The floods across the UK in December have been devastating. We’ve known this was going to happen for the last few decades. We have done nothing or, worse, pretended it won’t happen. Worse still, those in power in politics and media have misled the public saying this wouldn’t happen, that the effects of climate change would be mild in the UK.
Our sincere sympathies must go to all those affected by the current storms and flooding.
UK governments of all persuasions have ignored evidence-based climate change warnings about increased precipitation and rising sea levels. There has been chronic under investment in flood defences. Meanwhile, the dysfunctional housebuilding industry has been allowed, encouraged even, to build on flood plains and cover drainage ground with hard surfaces, increasing surface flooding.
In 2014, the Committee on Climate Change said, “climate models suggest that the UK will get warmer and wetter winters on average.” Quite.
In reality, we’ve known about this eventuality for decades – it easy to find and read heavily cited papers from 1994, and earlier – and we are still woefully unprepared. It is a disgrace to hear politicians bleating about doing everything they can. Governments have known that this was going to happen for years and chose to manipulate and spin flood spending figures rather than take action commensurate with the risk to life and property.
For those tragically affected by flooding, for the second for third time, everything the government say and do now is too little, too late. One in a hundred year events are not supposed to happen three times a decade.
For those who happily live in denial about climate change, especially those in positions of power and influence, the awful consequences of that denial are coming home to roost.

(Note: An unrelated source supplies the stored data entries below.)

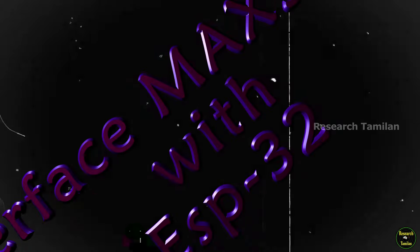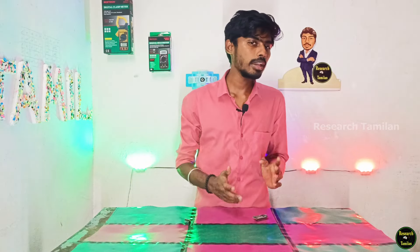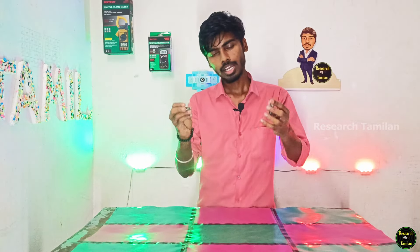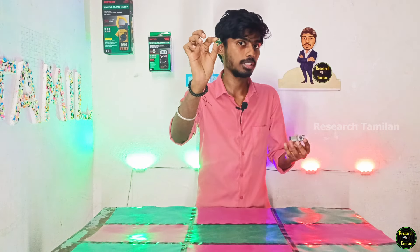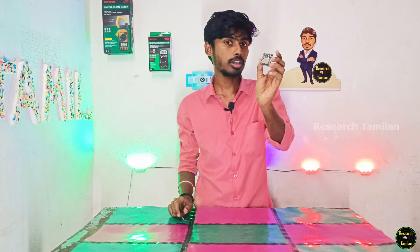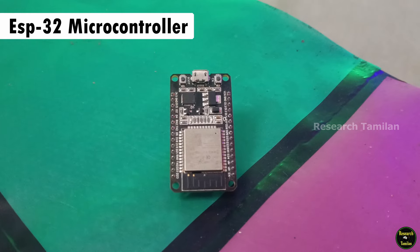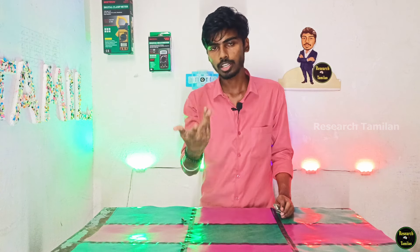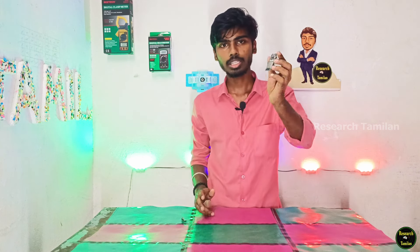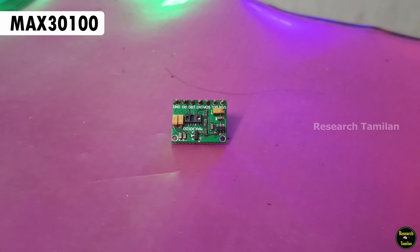Interfacing MAX30100 with ESP32 microcontroller. Friends, what components are we going to use? Just two components: one microcontroller and one sensor. We are going to use the ESP32 microcontroller. It has Wi-Fi, so we can easily use the Blynk app and interface. The next part is the sensor, which is a MAX30100.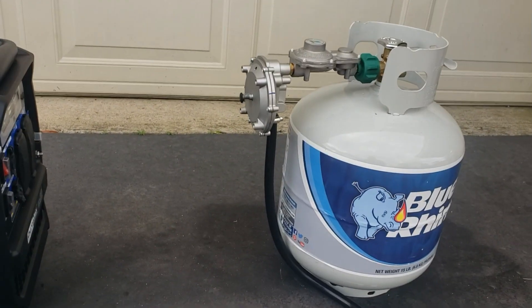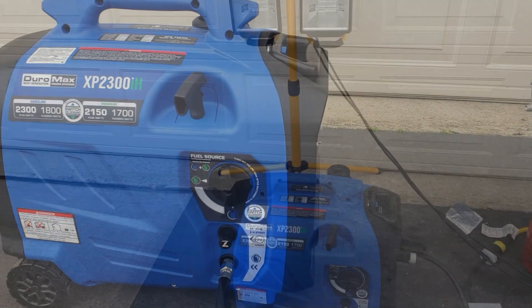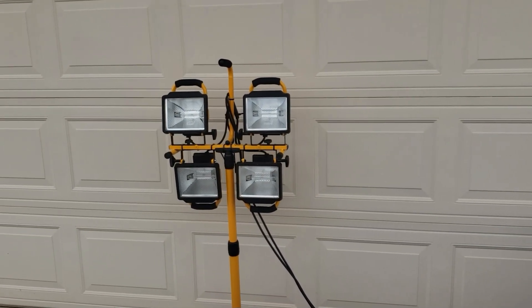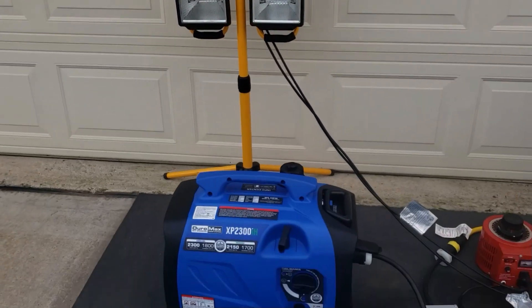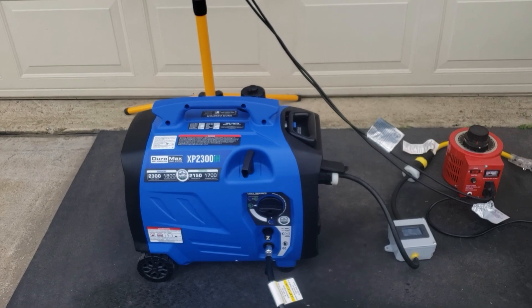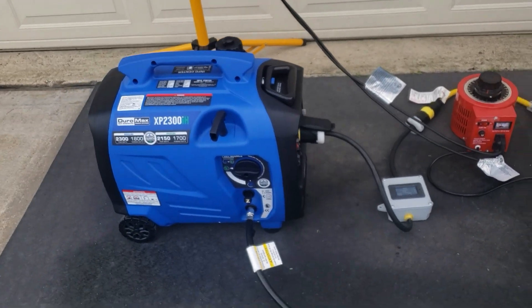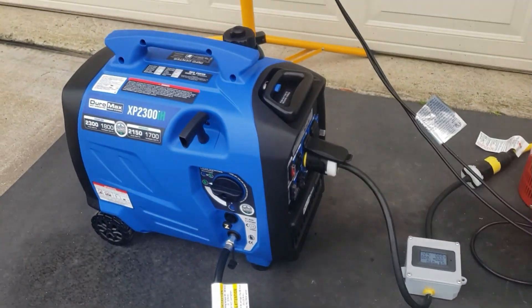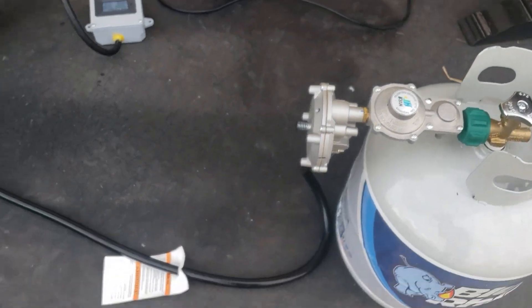We have the propane hooked up — why don't we do a load test on gas versus propane and see what we get. We got 2000 watts of light right here — each one is 500 watts. Got it hooked up to the Duramax 2300. We're running on propane right now, propane tank is hooked up to the generator all the way open.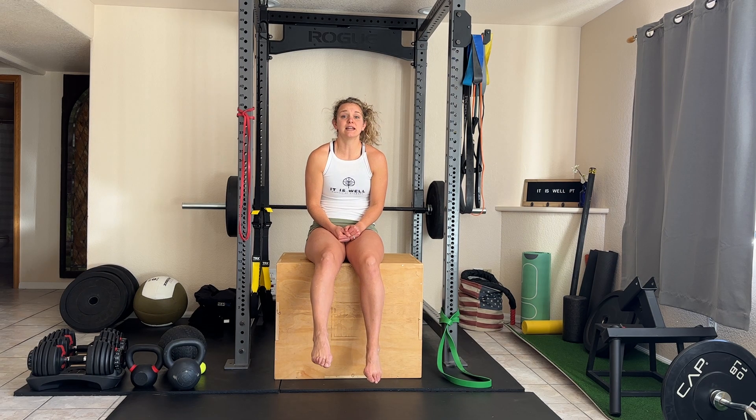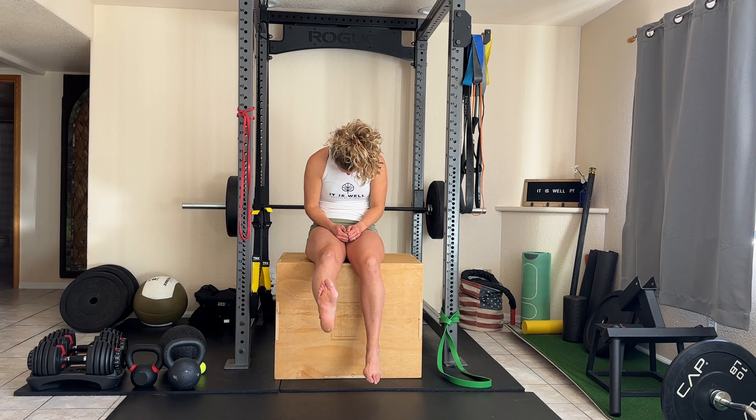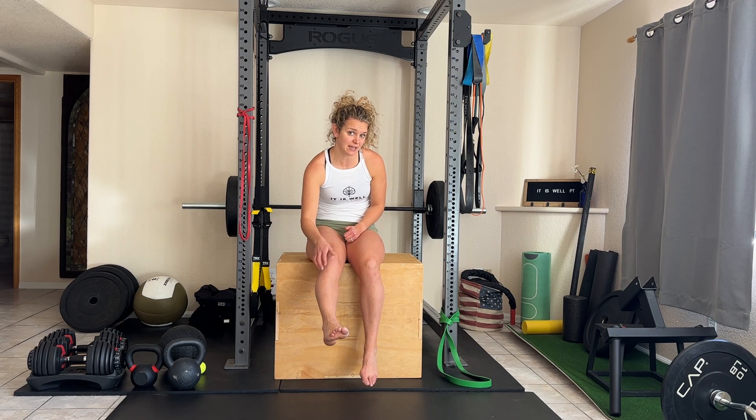You can either extend your neck and point your toe, then flex your foot and chin to your chest, or you can do one at a time. You can leave your chin tucked and just flex and point your foot, or leave your foot up and extend and bend your neck. You should feel this tension all the way down your leg.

We now need real leadership to protect vulnerable communities, and provide accurate information on what we should expect over the coming decades. Communities that have been made vulnerable by the lies and misinformation of climate change deniers, luke-warmists, their friends in the media and the weak politicians who pander to them.
What is happening to flood-affected areas is tragic. We need less spin and crocodile tears, and more real action to address what will be an increasingly frequent and severe phenomena.